▶ Provided entries:
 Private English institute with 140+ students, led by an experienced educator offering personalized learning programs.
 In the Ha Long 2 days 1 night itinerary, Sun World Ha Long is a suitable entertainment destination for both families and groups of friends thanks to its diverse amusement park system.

* * *

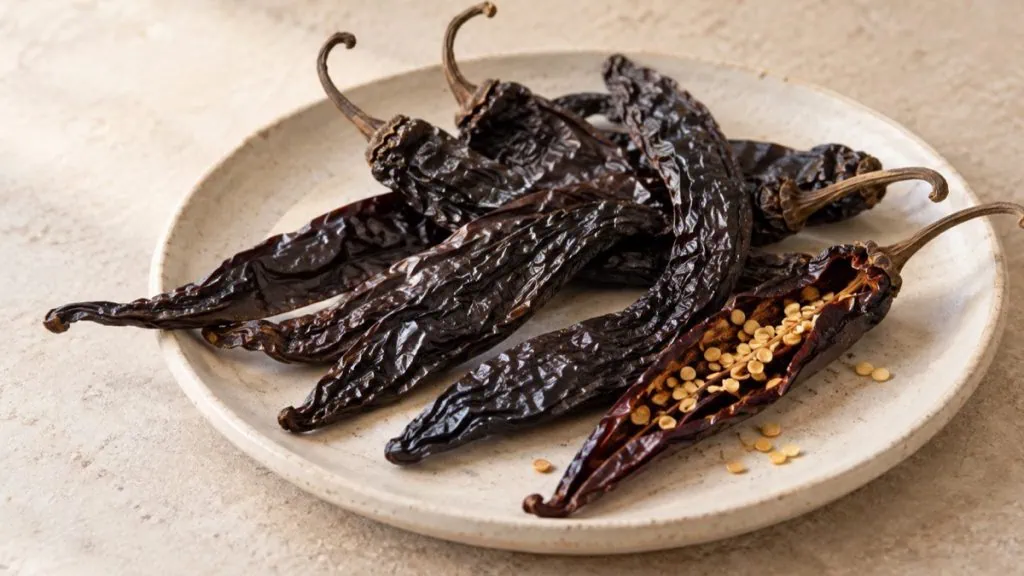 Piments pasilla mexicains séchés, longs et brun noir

▶ Prompt: What is needed is an exact copy of the lines above, from the one containing "Private English institute" through the one containing "In the Ha Long", with nothing added.

▶ Solution:
 Private English institute with 140+ students, led by an experienced educator offering personalized learning programs.
 In the Ha Long 2 days 1 night itinerary, Sun World Ha Long is a suitable entertainment destination for both families and groups of friends thanks to its diverse amusement park system.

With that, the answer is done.